Até agora, foram cumpridos três dos quatro mandados de prisão, segundo a imprensa, envolvendo um ex-assessor de assuntos internacionais de Bolsonaro, Filipe Martins, e dois militares do Exército.

De acordo com a PF, os investigados disseminaram "a ocorrência de fraude nas Eleições Presidenciais de 2022, antes mesmo da realização do pleito, de modo a viabilizar e legitimar uma intervenção militar, em dinâmica de milícia digital".

Em um primeiro momento, o grupo disseminou informação falsa sobre o sistema de votação eletrônica usado no país. Por esse fato, Bolsonaro foi inabilitado politicamente em junho, por um período de oito anos.

'Decreto' de golpe de Estado
Depois, os investigados "colocaram em execução um plano para subverter o Estado Democrático de Direito, com o objetivo de impedir a posse do governo legitimamente eleito, mantendo o então presidente, Jair Bolsonaro, no poder", afirma a decisão judicial de Moraes.

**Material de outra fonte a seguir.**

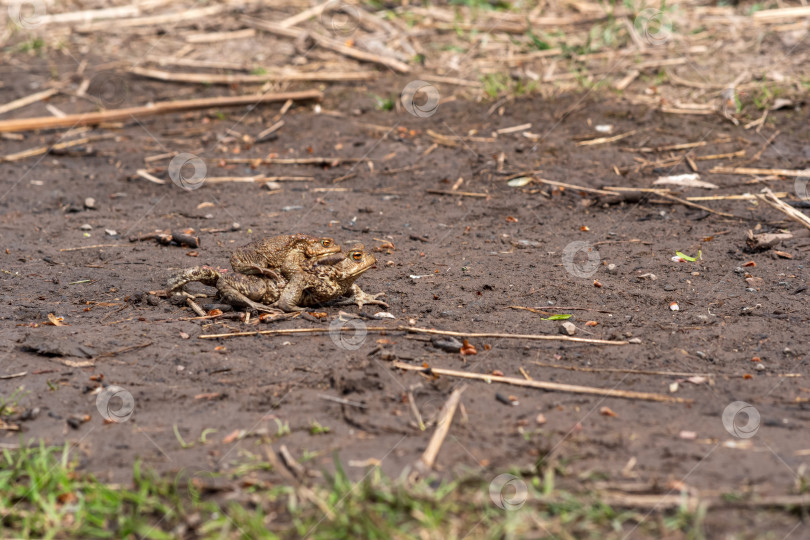 Скачать пара обыкновенных жаб в амплексусе движется к месту размножения фотосток Ozero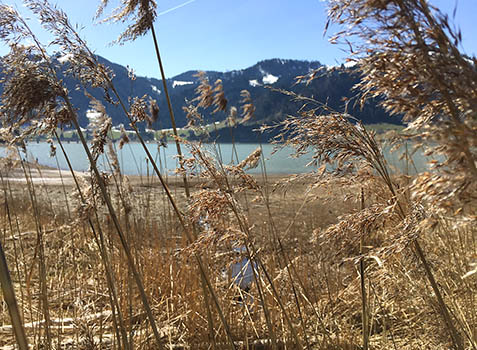 Winterstimmung am Sihlsee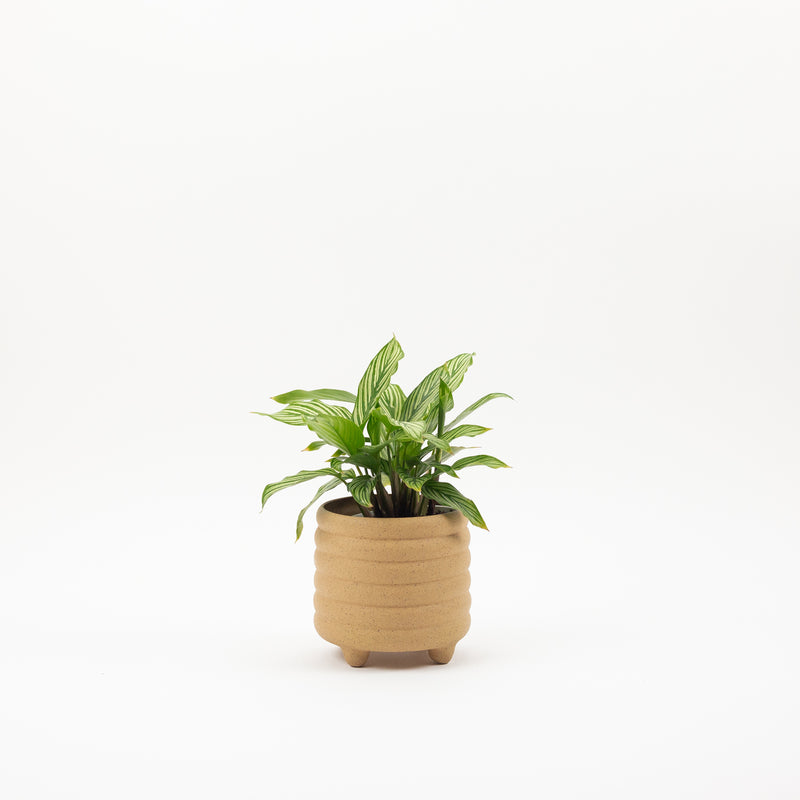 Bumby Footed Planter 4in - Speckled Tan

A investigação aponta que Bolsonaro recebeu um "decreto" de "golpe de Estado" em novembro de 2022, e que este foi objeto de modificações durante reuniões no Palácio do Planalto. Bolsonaro teria aprovado o texto final, que também previa uma ordem de prisão contra Moraes, à frente de várias investigações contra o ex-presidente e seu círculo próximo. Também convocou uma reunião com os comandantes militares para "pressioná-los a aderir" à tentativa de golpe, segundo o magistrado.

Os suspeitos esperavam ter sucesso em suas ações durante os últimos dias de 2022 e início de 2023, "principalmente quando se desencadearam os atos golpistas do dia 08 de janeiro", uma semana depois da posse de Lula.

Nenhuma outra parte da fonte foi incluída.